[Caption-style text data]
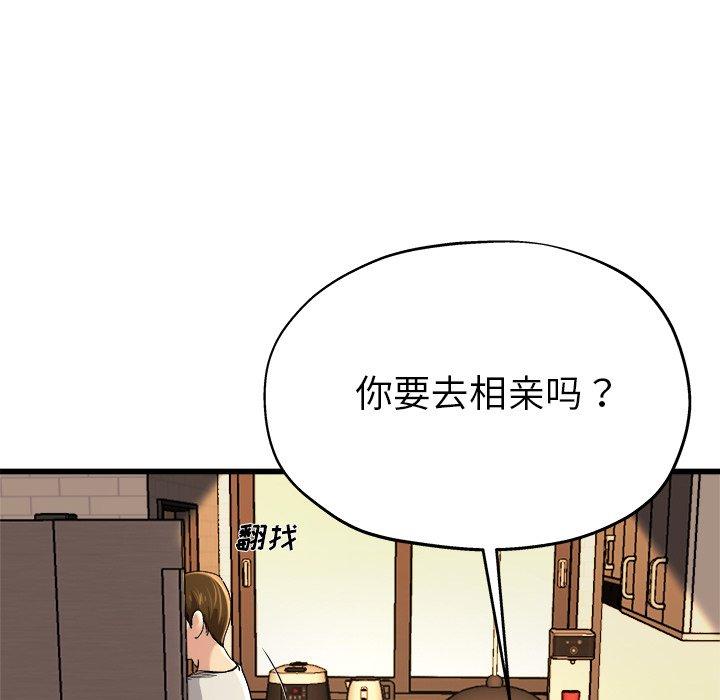 单身爸爸想恋爱[抖漫]韩漫全集-单身爸爸想恋爱-第 15 话无删减无遮挡章节图片 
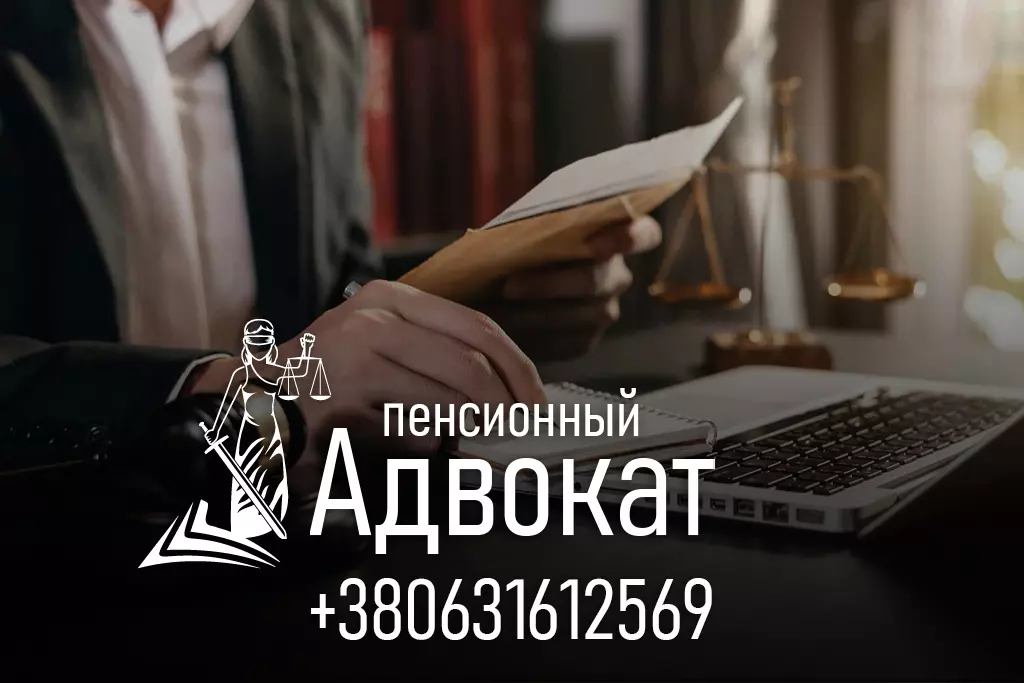 Апелляция на решение суда по пенсионному делу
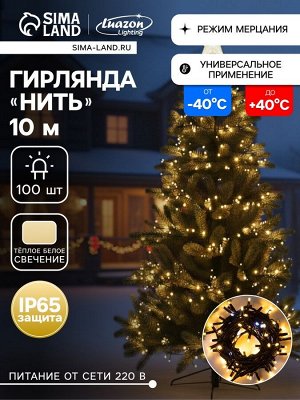 Гирлянда «Нить» 10 м, IP65, УМС, тёмная каучуковая нить, 100 LED, свечение тёплое белое, мерцание, 220 В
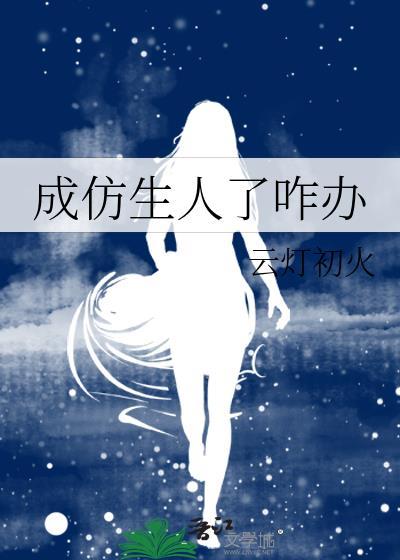 我怎么可能喜欢他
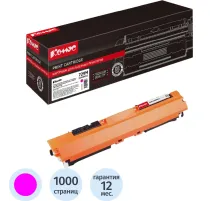 Картридж лазерный Комус 729 (4368B002) пур. для CanonLBP7010C/7018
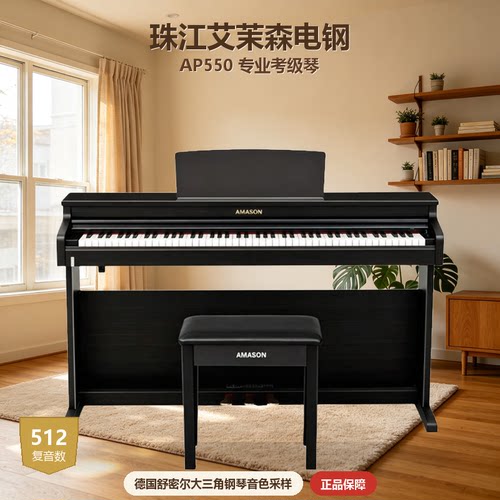 珠江艾茉森电钢琴88键重锤家用专业练习儿童成人数码钢琴AP550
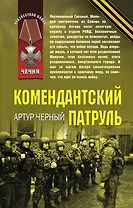 Комендантский патруль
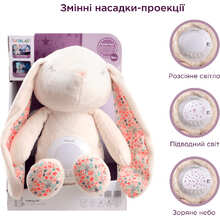 Игрушка-ночник FUNMUCH Кролик (FM666-79)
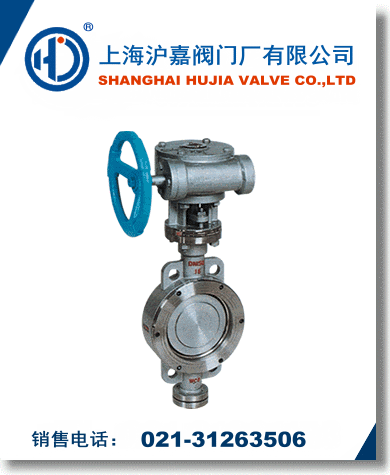 三偏心硬密封蝶閥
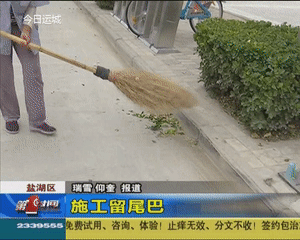 这是哪个部门在条山街施工时留下的尾巴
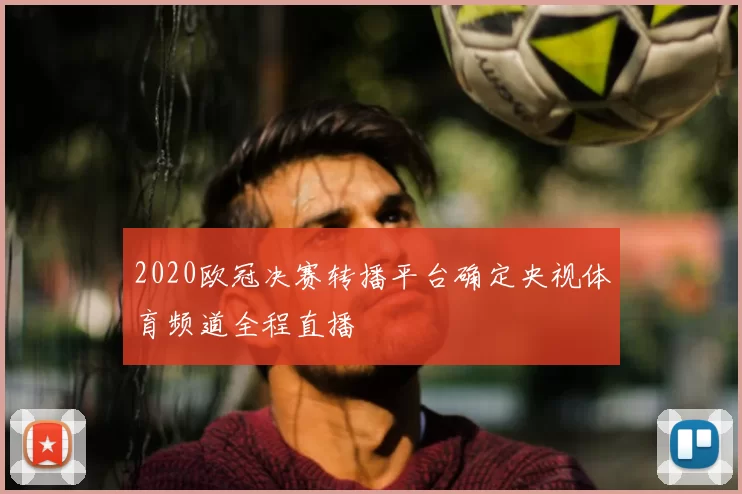 2020欧冠决赛转播平台确定央视体育频道全程直播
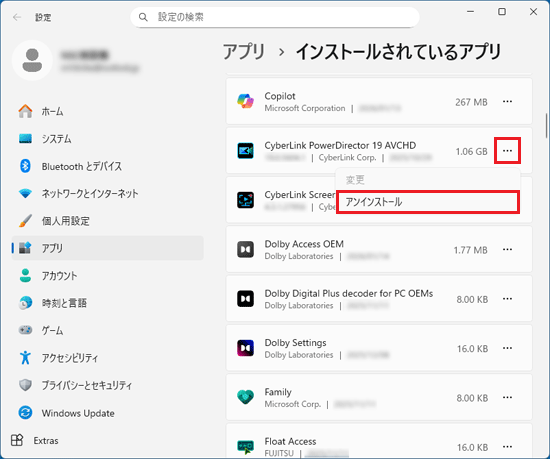 「CyberLink PowerDirector xx」の「…」→「アンインストール」の順にクリック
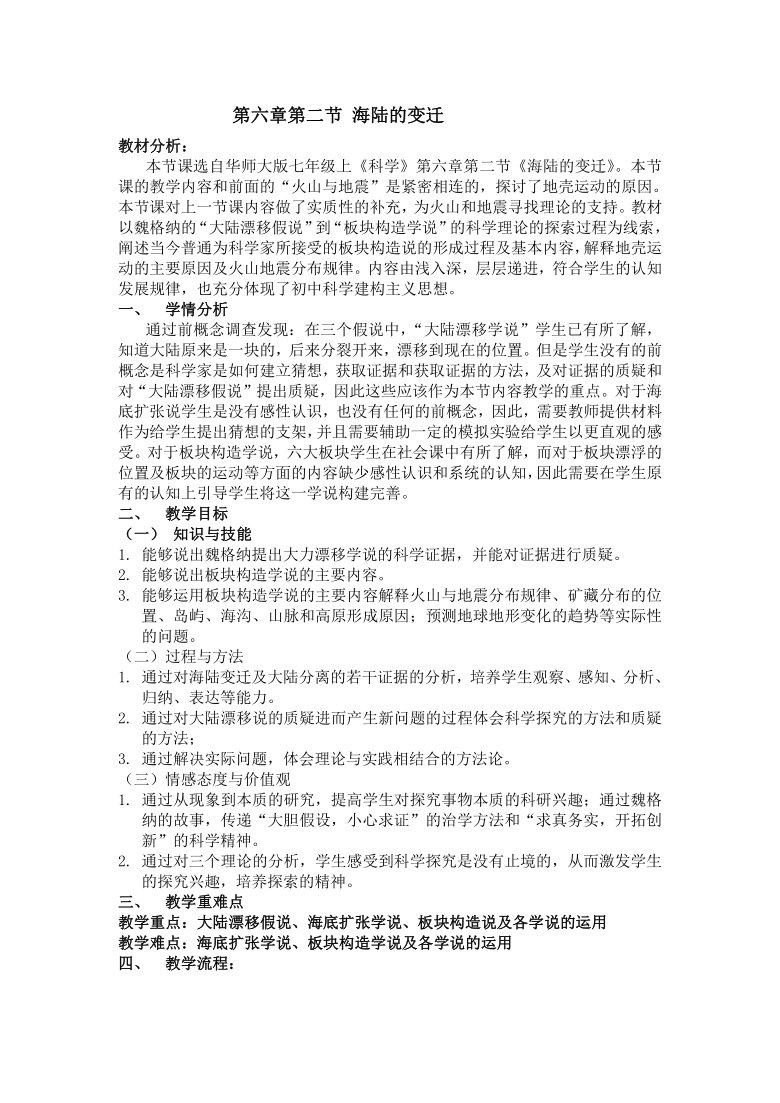 華師大版科學七年級上冊62海陸的變遷教案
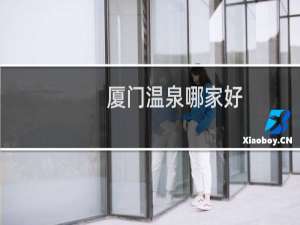 厦门温泉哪家好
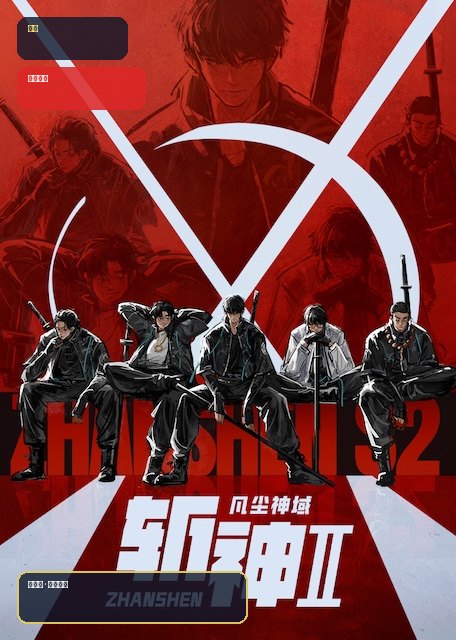 这番真不错！国漫动作番《斩神之凡尘神域Ⅱ》 2026 中文字幕 未删减 限时转存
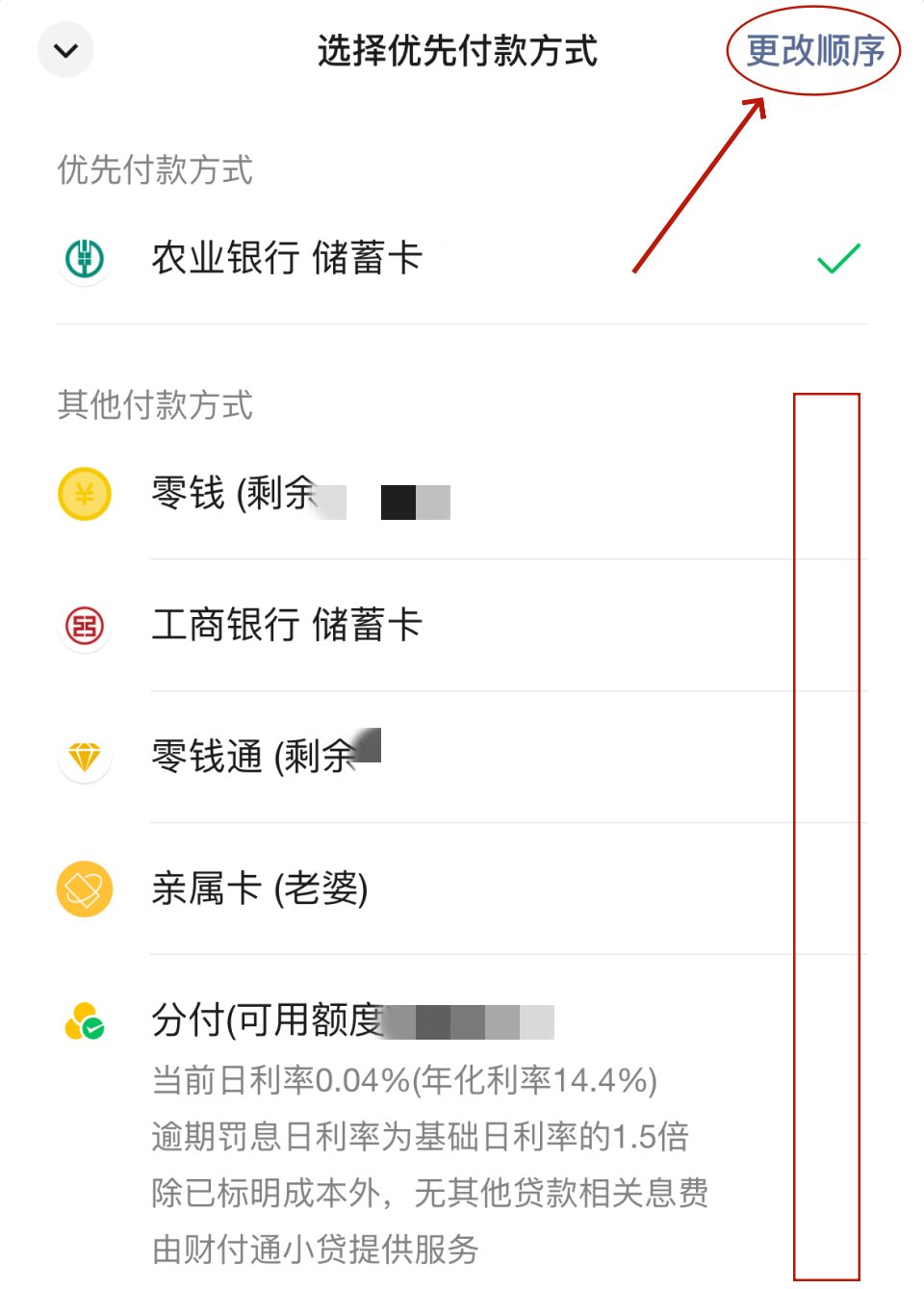 微信支付扣款顺序怎么设置？两种设置零钱优先支付顺序教程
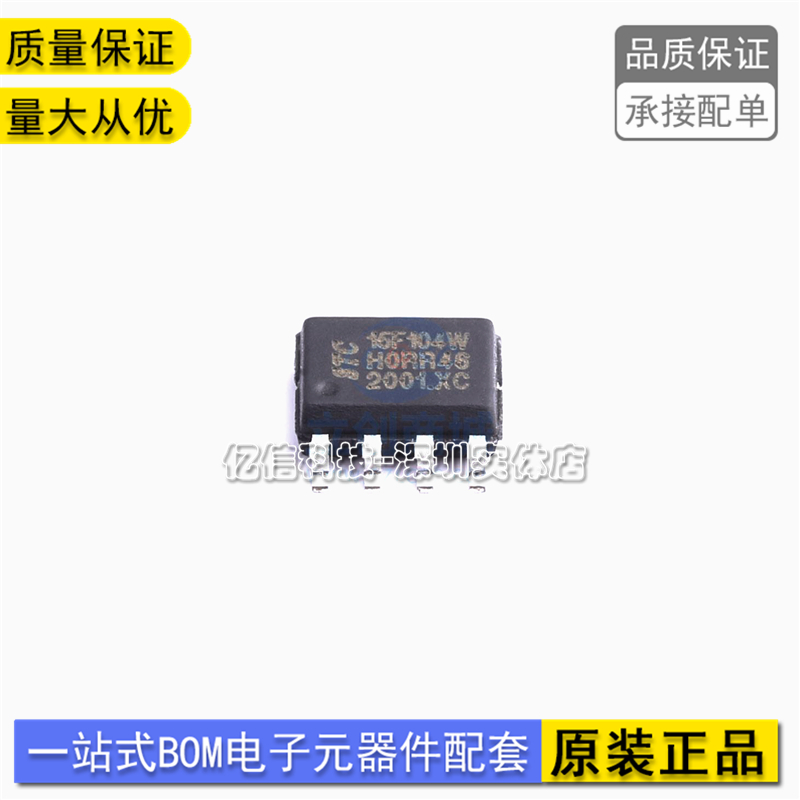 进口原装 贴片 STC15F104W-35I-SOP8 STC单片机微控制器芯片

▶ Instructions for the task:
Write out all the entries precisely as given, omitting each image.

▶ Solution for this task:
 单身爸爸想恋爱[抖漫]韩漫全集-单身爸爸想恋爱-第 15 话无删减无遮挡章节图片 
 Апелляция на решение суда по пенсионному делу
 Гирлянда «Нить» 10 м, IP65, УМС, тёмная каучуковая нить, 100 LED, свечение тёплое белое, мерцание, 220 В
 我怎么可能喜欢他
 Картридж лазерный Комус 729 (4368B002) пур. для CanonLBP7010C/7018
 珠江艾茉森电钢琴88键重锤家用专业练习儿童成人数码钢琴AP550
 Комендантский патруль
 Игрушка-ночник FUNMUCH Кролик (FM666-79)
 三偏心硬密封蝶閥
 这是哪个部门在条山街施工时留下的尾巴
 2020欧冠决赛转播平台确定央视体育频道全程直播
 「CyberLink PowerDirector xx」の「…」→「アンインストール」の順にクリック
 華師大版科學七年級上冊62海陸的變遷教案
 厦门温泉哪家好
 这番真不错！国漫动作番《斩神之凡尘神域Ⅱ》 2026 中文字幕 未删减 限时转存
 微信支付扣款顺序怎么设置？两种设置零钱优先支付顺序教程
 进口原装 贴片 STC15F104W-35I-SOP8 STC单片机微控制器芯片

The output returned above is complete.